Segment Open

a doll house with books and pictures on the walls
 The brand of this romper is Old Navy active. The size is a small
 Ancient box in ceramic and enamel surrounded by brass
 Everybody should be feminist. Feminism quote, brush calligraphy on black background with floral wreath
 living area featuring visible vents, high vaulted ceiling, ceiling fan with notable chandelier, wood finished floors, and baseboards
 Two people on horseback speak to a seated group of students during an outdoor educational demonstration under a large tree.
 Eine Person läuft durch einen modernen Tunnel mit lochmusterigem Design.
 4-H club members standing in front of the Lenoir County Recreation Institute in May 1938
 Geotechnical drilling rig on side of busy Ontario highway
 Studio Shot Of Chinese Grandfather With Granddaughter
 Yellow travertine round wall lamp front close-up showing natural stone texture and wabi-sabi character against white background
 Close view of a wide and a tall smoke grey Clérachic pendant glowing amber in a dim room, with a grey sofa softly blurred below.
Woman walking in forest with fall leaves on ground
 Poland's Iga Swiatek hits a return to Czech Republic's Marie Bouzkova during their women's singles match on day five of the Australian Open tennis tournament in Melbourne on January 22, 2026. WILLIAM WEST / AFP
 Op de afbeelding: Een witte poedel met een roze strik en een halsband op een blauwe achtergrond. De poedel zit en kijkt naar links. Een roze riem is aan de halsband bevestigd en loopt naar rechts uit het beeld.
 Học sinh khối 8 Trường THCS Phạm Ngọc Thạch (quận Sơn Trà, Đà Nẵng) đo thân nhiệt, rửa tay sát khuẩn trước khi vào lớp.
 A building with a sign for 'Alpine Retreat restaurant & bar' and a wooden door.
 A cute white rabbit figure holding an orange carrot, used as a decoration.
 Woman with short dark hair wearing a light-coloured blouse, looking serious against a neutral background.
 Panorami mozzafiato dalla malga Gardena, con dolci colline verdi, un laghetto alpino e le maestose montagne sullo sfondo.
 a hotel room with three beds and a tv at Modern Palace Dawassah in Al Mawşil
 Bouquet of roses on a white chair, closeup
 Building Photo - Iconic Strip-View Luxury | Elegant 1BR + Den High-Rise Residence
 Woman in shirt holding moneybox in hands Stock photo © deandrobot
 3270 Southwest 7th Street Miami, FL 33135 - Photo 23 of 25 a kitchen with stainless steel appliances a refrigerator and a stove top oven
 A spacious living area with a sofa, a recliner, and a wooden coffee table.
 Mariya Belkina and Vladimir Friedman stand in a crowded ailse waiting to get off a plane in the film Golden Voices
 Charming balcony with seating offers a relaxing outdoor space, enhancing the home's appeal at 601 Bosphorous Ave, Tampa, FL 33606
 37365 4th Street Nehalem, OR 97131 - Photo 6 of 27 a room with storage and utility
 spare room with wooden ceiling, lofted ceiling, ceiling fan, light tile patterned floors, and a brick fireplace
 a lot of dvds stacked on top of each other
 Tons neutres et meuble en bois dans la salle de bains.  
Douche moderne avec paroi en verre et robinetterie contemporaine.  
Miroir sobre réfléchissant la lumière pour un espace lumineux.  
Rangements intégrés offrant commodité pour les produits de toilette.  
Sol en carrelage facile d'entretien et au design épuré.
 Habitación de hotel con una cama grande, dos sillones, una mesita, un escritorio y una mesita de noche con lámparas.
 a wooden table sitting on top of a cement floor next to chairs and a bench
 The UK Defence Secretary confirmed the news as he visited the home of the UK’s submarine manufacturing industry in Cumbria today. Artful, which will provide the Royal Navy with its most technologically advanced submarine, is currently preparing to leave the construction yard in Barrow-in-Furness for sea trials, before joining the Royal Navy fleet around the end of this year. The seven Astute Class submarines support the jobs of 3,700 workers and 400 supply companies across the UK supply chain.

Segment Closed

Exercise aim
Write out all the data exactly.

Expected answer
a doll house with books and pictures on the walls
 The brand of this romper is Old Navy active. The size is a small
 Ancient box in ceramic and enamel surrounded by brass
 Everybody should be feminist. Feminism quote, brush calligraphy on black background with floral wreath
 living area featuring visible vents, high vaulted ceiling, ceiling fan with notable chandelier, wood finished floors, and baseboards
 Two people on horseback speak to a seated group of students during an outdoor educational demonstration under a large tree.
 Eine Person läuft durch einen modernen Tunnel mit lochmusterigem Design.
 4-H club members standing in front of the Lenoir County Recreation Institute in May 1938
 Geotechnical drilling rig on side of busy Ontario highway
 Studio Shot Of Chinese Grandfather With Granddaughter
 Yellow travertine round wall lamp front close-up showing natural stone texture and wabi-sabi character against white background
 Close view of a wide and a tall smoke grey Clérachic pendant glowing amber in a dim room, with a grey sofa softly blurred below.
Woman walking in forest with fall leaves on ground
 Poland's Iga Swiatek hits a return to Czech Republic's Marie Bouzkova during their women's singles match on day five of the Australian Open tennis tournament in Melbourne on January 22, 2026. WILLIAM WEST / AFP
 Op de afbeelding: Een witte poedel met een roze strik en een halsband op een blauwe achtergrond. De poedel zit en kijkt naar links. Een roze riem is aan de halsband bevestigd en loopt naar rechts uit het beeld.
 Học sinh khối 8 Trường THCS Phạm Ngọc Thạch (quận Sơn Trà, Đà Nẵng) đo thân nhiệt, rửa tay sát khuẩn trước khi vào lớp.
 A building with a sign for 'Alpine Retreat restaurant & bar' and a wooden door.
 A cute white rabbit figure holding an orange carrot, used as a decoration.
 Woman with short dark hair wearing a light-coloured blouse, looking serious against a neutral background.
 Panorami mozzafiato dalla malga Gardena, con dolci colline verdi, un laghetto alpino e le maestose montagne sullo sfondo.
 a hotel room with three beds and a tv at Modern Palace Dawassah in Al Mawşil
 Bouquet of roses on a white chair, closeup
 Building Photo - Iconic Strip-View Luxury | Elegant 1BR + Den High-Rise Residence
 Woman in shirt holding moneybox in hands Stock photo © deandrobot
 3270 Southwest 7th Street Miami, FL 33135 - Photo 23 of 25 a kitchen with stainless steel appliances a refrigerator and a stove top oven
 A spacious living area with a sofa, a recliner, and a wooden coffee table.
 Mariya Belkina and Vladimir Friedman stand in a crowded ailse waiting to get off a plane in the film Golden Voices
 Charming balcony with seating offers a relaxing outdoor space, enhancing the home's appeal at 601 Bosphorous Ave, Tampa, FL 33606
 37365 4th Street Nehalem, OR 97131 - Photo 6 of 27 a room with storage and utility
 spare room with wooden ceiling, lofted ceiling, ceiling fan, light tile patterned floors, and a brick fireplace
 a lot of dvds stacked on top of each other
 Tons neutres et meuble en bois dans la salle de bains.  
Douche moderne avec paroi en verre et robinetterie contemporaine.  
Miroir sobre réfléchissant la lumière pour un espace lumineux.  
Rangements intégrés offrant commodité pour les produits de toilette.  
Sol en carrelage facile d'entretien et au design épuré.
 Habitación de hotel con una cama grande, dos sillones, una mesita, un escritorio y una mesita de noche con lámparas.
 a wooden table sitting on top of a cement floor next to chairs and a bench
 The UK Defence Secretary confirmed the news as he visited the home of the UK’s submarine manufacturing industry in Cumbria today. Artful, which will provide the Royal Navy with its most technologically advanced submarine, is currently preparing to leave the construction yard in Barrow-in-Furness for sea trials, before joining the Royal Navy fleet around the end of this year. The seven Astute Class submarines support the jobs of 3,700 workers and 400 supply companies across the UK supply chain.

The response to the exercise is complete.